Dynamic IP Identification ?

To the best of our knowledge, we are the first to develop a framework to automatically detect dynamic IP addresses on a global scale and simultaneously understand the associated IP volatility. In all prior work, enumerations of dynamic IP addresses have been maintained by hand . Some dynamic IP addresses can be deduced by examining the Reverse DNS (rDNS) and Whois databases.

A rDNS record maps an IP address into a host name, providing a way to infer its address properties. For example, the rDNS record for 157.57.215.19  corresponds to the DNS name adsl-dc-305f5.adsl.wanadoo.nl, indicating that the IP address is used for an Asymmetric Digital Subscriber Line (adsl) in the Netherlands (nl). Despite the existence of DNS naming conventions and recent proposals on standardizing DNS name assignment schemes, not all domains follow the naming rules. In fact, many IP addresses do not have rDNS records: it is reported that only 50 to 60% of IP addresses have associated rDNS records Certain enterprises maintain Dialup User Lists (DULs) of suspected dynamic IP addresses, largely to support efforts to aid in spam filtering.

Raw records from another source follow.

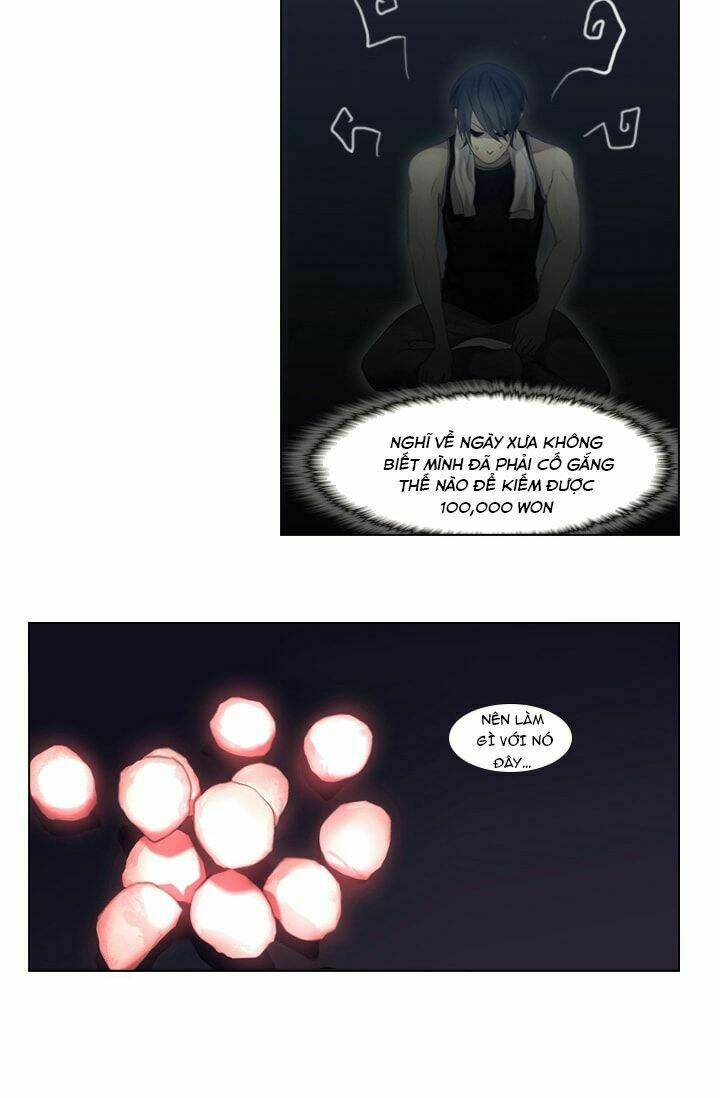 Người Cống Hiến: Chapter 4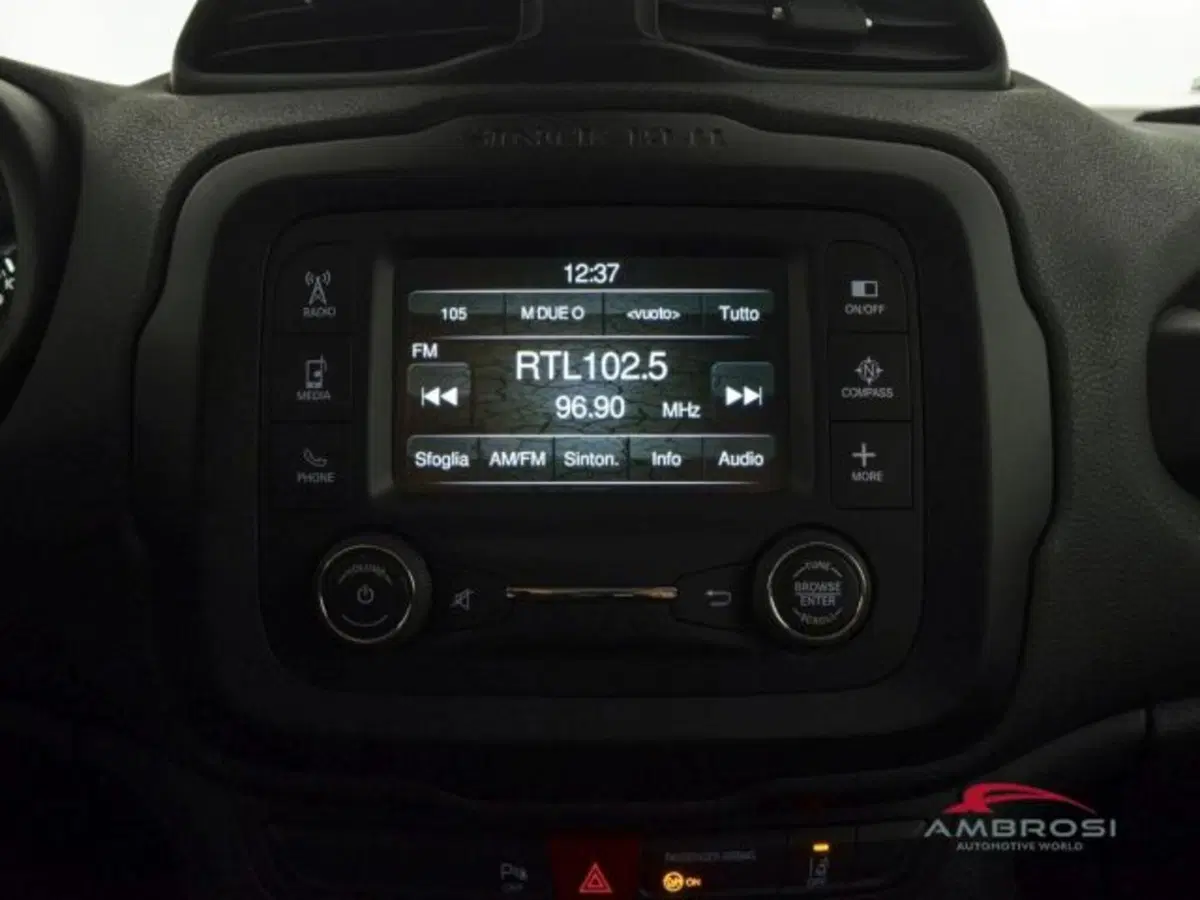 Jeep Renegade usata a Perugia (14)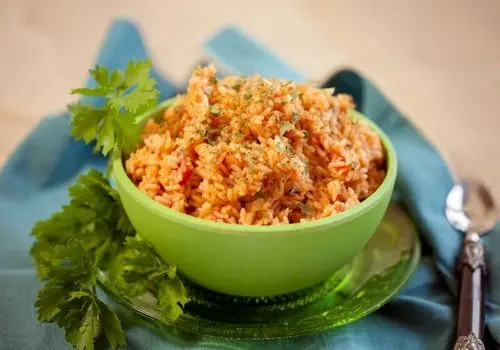 ناهار: طرز تهیه کارمیر پلاو؛ غذای مشهور ارمنی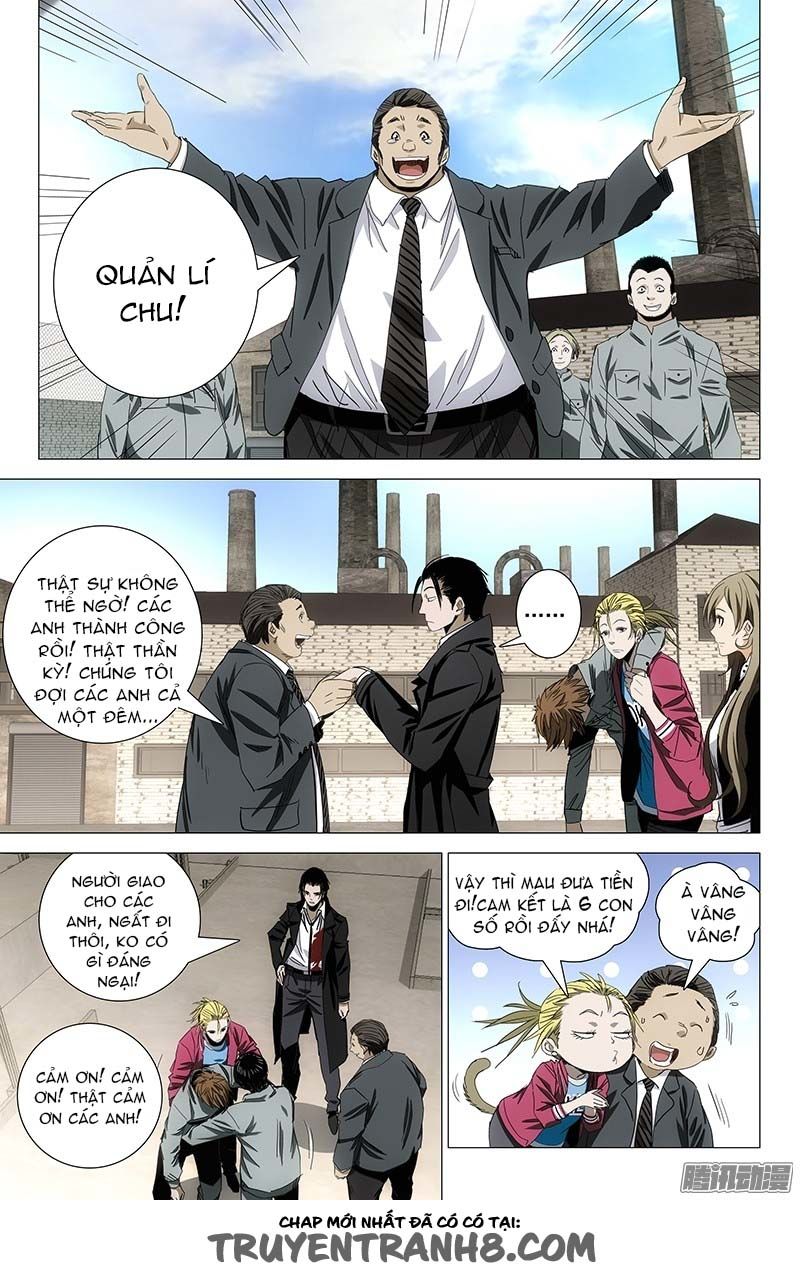 The Lost City: Chapter 82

Dynablock provides the most well known and widely used DUL. It not only contains dialup IPs, but also other dynamic IPs such as DSL and cable user IP ranges. As of January 2007, the list contains over 192 million dynamic IP addresses. Manually maintaining such a large list requires enormous effort and resources. Moreover, updating dynamic IP addresses relies on the reporting of system administrators. With Internet topology and IP address assignments changing rapidly, Dynablock can be expected to contain increasingly obsolete information and miss newly configured dynamic IPs. In Section 5.3, we show that our automatic method identifies over 50 million dynamic IP addresses that are not covered by Dynablock. While there are no existing approaches that automatically identify dynamic IP addresses, there has been significant amount of prior work on finding the topological and geographical properties associated with an IP address. Krishnamurthy et al. have proposed to clusterWeb clients that are topologically close together using BGP routing table prefix information. Padmanabhan et al. Have proposed several methods to obtain geographic locations of IP prefixes. Freedman et al. further extended to provide even more fine grained geographic location information. Recently, Casado and Freedman proposed to identify NAT and proxies by passively collecting client information using activeWeb content such as Javascript. Our technique is complementary to these efforts by focusing on the dynamic nature of IP addresses, and it does not require actively probing client machines.